Wood's final first-class appearance for Lancashire came against Derbyshire in the 2000 County Championship. He could perhaps consider himself unlucky for not playing more, but such was the strength of the Lancashire batting line up at that time it boasted several international batsmen including Mike Atherton, John Crawley, Sourav Ganguly, Neil Fairbrother, Wasim Akram and Andrew Flintoff amongst others. His difficulty in breaking into this powerful batting line up was highlighted in 1996 when, despite scoring over 1,000 runs at an average of 50, he was restricted to only one first-class appearance.

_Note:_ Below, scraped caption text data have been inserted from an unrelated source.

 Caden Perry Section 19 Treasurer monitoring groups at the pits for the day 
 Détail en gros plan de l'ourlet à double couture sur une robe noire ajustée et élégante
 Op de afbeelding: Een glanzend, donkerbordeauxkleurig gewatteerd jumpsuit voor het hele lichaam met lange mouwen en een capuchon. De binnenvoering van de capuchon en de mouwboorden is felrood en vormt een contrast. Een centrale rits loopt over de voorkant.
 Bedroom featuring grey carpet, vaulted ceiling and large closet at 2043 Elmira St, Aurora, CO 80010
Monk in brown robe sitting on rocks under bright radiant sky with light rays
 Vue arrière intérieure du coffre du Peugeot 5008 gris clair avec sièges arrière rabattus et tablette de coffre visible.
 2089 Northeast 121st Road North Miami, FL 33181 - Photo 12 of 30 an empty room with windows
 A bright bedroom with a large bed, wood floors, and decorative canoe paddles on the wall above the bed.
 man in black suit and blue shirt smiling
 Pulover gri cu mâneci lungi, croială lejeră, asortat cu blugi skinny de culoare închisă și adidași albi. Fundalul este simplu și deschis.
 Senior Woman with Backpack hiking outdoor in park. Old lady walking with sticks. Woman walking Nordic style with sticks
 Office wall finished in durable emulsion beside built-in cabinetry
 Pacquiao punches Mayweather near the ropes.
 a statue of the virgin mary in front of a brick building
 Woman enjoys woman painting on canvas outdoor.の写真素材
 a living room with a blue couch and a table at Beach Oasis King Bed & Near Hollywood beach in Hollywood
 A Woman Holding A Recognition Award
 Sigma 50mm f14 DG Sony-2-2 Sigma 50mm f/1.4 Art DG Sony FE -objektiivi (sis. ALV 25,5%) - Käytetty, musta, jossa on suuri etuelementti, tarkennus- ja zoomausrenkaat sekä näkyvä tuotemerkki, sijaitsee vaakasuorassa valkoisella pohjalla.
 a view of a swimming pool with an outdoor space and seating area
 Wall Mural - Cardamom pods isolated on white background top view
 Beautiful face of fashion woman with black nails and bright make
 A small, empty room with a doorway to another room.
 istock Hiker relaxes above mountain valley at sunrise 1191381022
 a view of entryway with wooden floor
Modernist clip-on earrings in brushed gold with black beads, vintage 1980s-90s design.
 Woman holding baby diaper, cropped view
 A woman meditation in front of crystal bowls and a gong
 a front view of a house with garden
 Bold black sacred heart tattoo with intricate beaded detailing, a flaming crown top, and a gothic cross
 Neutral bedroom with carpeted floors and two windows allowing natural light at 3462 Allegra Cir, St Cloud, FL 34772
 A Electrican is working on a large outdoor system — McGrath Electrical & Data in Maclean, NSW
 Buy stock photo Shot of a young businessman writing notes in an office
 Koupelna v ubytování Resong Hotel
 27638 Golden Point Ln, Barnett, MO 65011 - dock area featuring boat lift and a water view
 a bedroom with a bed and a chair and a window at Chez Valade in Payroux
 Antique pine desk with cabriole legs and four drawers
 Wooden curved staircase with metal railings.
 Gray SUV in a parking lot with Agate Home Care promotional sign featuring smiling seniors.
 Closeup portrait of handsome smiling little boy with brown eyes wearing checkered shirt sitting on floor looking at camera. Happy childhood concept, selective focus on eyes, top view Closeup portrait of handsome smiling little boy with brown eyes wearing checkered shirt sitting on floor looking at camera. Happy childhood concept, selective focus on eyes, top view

In 30 first-class matches he scored 1,179 runs at an average of 29.47, with a highest score of 155 against Surrey at The Oval in 1997. Wood also made 5 first-class fifties, opening the batting in every innings he played. He made a single Lancashire List A appearance against Sussex in the televised floodlit 1998 AXA League match, completing a run out and scoring 23 runs before being dismissed by Richard Davis. He figured in three further one-day games for Lancashire, including the MTN International Challenge semi-final against Western Province at Newlands, Cape Town.

===Cheshire C.C.C===

He left Lancashire at the end of the 2000 season and proceeded to join Cheshire for the 2001 season. He made a single Minor Counties Championship appearance against Oxfordshire scoring 83 in the first innings and 57 in the second innings and a single MCCA Knockout Trophy appearance against the Derbyshire Cricket Board. In September 2001, Wood made a single List A appearance for the county against Cornwall in the 2nd round of the 2002 Cheltenham & Gloucester Trophy which was held in 2001 to avoid fixture congestion the following season. He scored 50 runs in this match, before being dismissed by Steven Pope. 2001 was his final season with Cheshire, whereupon he retired from professional cricket.

===Cricket-playing relations===

His father, Barry, played Test cricket for England and first-class cricket for Yorkshire, Lancashire and Derbyshire, while his uncle, Ronald, played first-class cricket for Yorkshire.

== Coaching career ==
Post cricket, Wood went into personal coaching where he founded and managed numerous businesses spanning fitness, sport and business. During this time he returned to cricket, which included a stint with Lancashire County Cricket Club as a pathway coach, and qualifying as an ECB Level 4 Master Coach. Subsequently he launched Nathan Wood Consulting, a private business offering coaching and mentoring services to athletes, coaches, and sporting organisations.

===ECB===

In 2018, Wood was appointed International & Specialist Coach Development Lead at the England and Wales Cricket Board (ECB), and was promoted to Interim Head of Coach Development in 2022. He left the ECB in 2024.